Kevin Bacon as Theo Conroy
Amanda Seyfried as Susanna
Avery Essex as Ella
Geoff Bell as Angus
Written and Directed by David Koepp
You Should Have Left Review:
David Koepp may be best known for his work in the field of blockbusters, helping introduce audiences to the majesty of Jurassic Park, the thrills of Mission: Impossible and the webslinging world of Spider-Man, but he has explored the world of psychological horror in the masterful Stir of Echoes and solid Secret Window adaptation. The 57-year-old screenwriter/director is trying his hand again at the genre with a film adaptation of Daniel Kehlmann’s 2017 novel You Should Have Left and unfortunately it doesn’t quite live up to his past work.
Theo Conroy is a successful middle-aged man whose marriage to his much younger actress wife, Susanna is shredding at the seams, frayed by her secretiveness, his jealousy and the shadow of his past. In an effort to repair their relationship, Theo and Susanna book a vacation at a stunning, remote modern home in the Welsh countryside for themselves and their six-year-old daughter, Ella. What at first seems like a perfect retreat distorts into a perfect nightmare when Theo’s grasp on reality begins to unravel and he suspects that a sinister force within the house knows more than he or Susanna have revealed, even to each other.
The film’s source material is certainly full of similarities to Stephen King’s iconic 1977 novel The Shining but thanks to a story that blurs the line between reality and hallucination and keeping many of its answers in the dark, it proved to be an intriguing venture and though the film keeps some of the story threads, it loses a lot of these quality elements. There are a few aspects of the novella that could’ve proven hard to bring to life on screen or too vague for general audiences, but what we’re given instead is a script full of unlikable characters and over-explanation that proves uninteresting.
Unlike the source material’s characters of a screenwriter, his wife and daughter heading to the home for a working vacation for the father, audiences are instead given this melodramatic mystery of an ambiguously wealthy guy married to a much younger actress who may or may not have killed his first wife. With attempts at meta commentary on sex scenes, followed by sex scenes with incredibly cringeworthy dialogue, and trying to blend in a relationship drama into the mix, the script feels really uninteresting and unoriginal.
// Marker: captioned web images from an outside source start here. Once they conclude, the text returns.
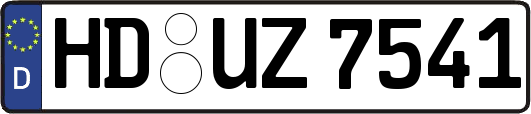 HD-UZ7541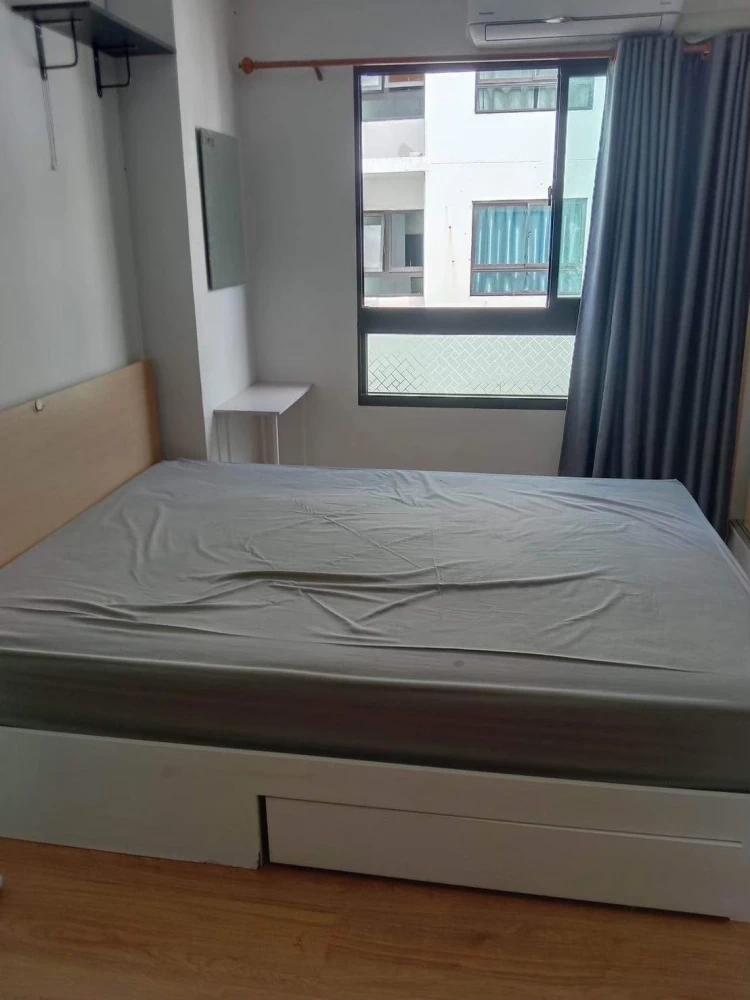 For rent: The Diamond Nawakon-Talat Thai, Building B, 7th floor, fully furnished. Hurry, or you'll miss out!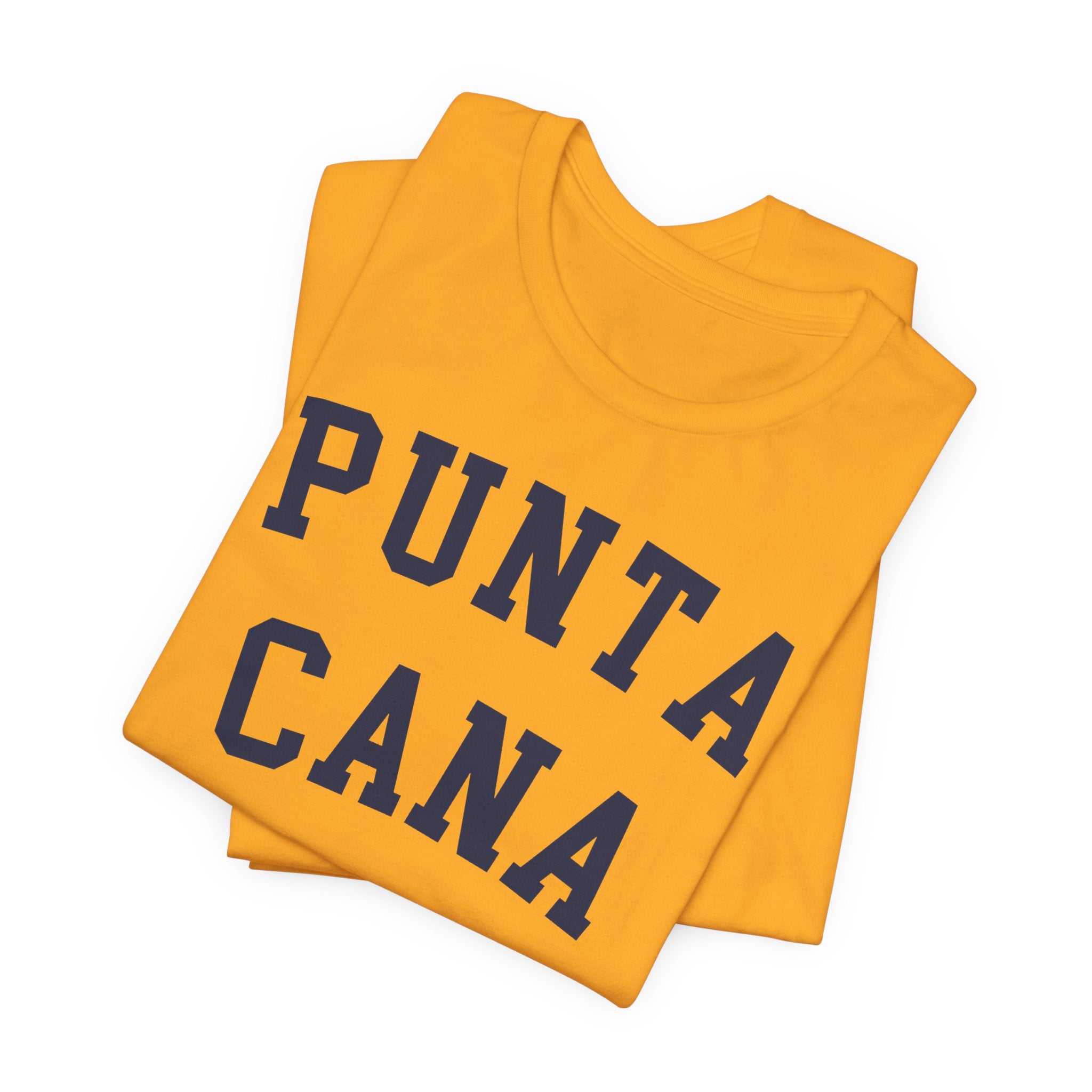 Punta Cana Collegiate — 100% Cotton Premium Unisex T-Shirt | BY CHARLES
There is a nice moodiness to the film’s build-up to its terror and mind-bending madness, but the problem is that’s all the film really proves to be. The scares are few and far between, and aren’t really very effective, with all of the mind games becoming numbing and predictable. A good psychological thriller makes audiences question what’s real and what isn’t and Koepp proved in the Johnny Depp-starring adaptation of Stephen King’s 1990 novella he knew how to tap into that balance, but here every hallucination and nightmare feels so straightforward it might as well be an entry in Wes Craven’s long-running slasher franchise.
Despite Bacon and Seyfried being two talented stars, the performances they deliver in the film just reek of the duo lacking any real connection or interest to the material. I can’t quite say Bacon gives it his all, because his all is actually typically powerful or compelling stuff, but he finds this weird realm in between of trying to elevate the material while simultaneously giving up halfway through and just making it through the production. Seyfried’s character isn’t one with a lot of agency or even a relatively interesting arc and it shows in her performance as the 34-year-old star seems uncaring in her work in the role.
You Should Have Left was a novella with loads of potential for a thrilling and intriguing psychological thriller and David Koepp has delivered a number of thrilling films over the years, but his latest effort proves to be a lackluster, dull and thoroughly clichéd affair with poor performances, resulting as another misfire for Bacon and Blumhouse.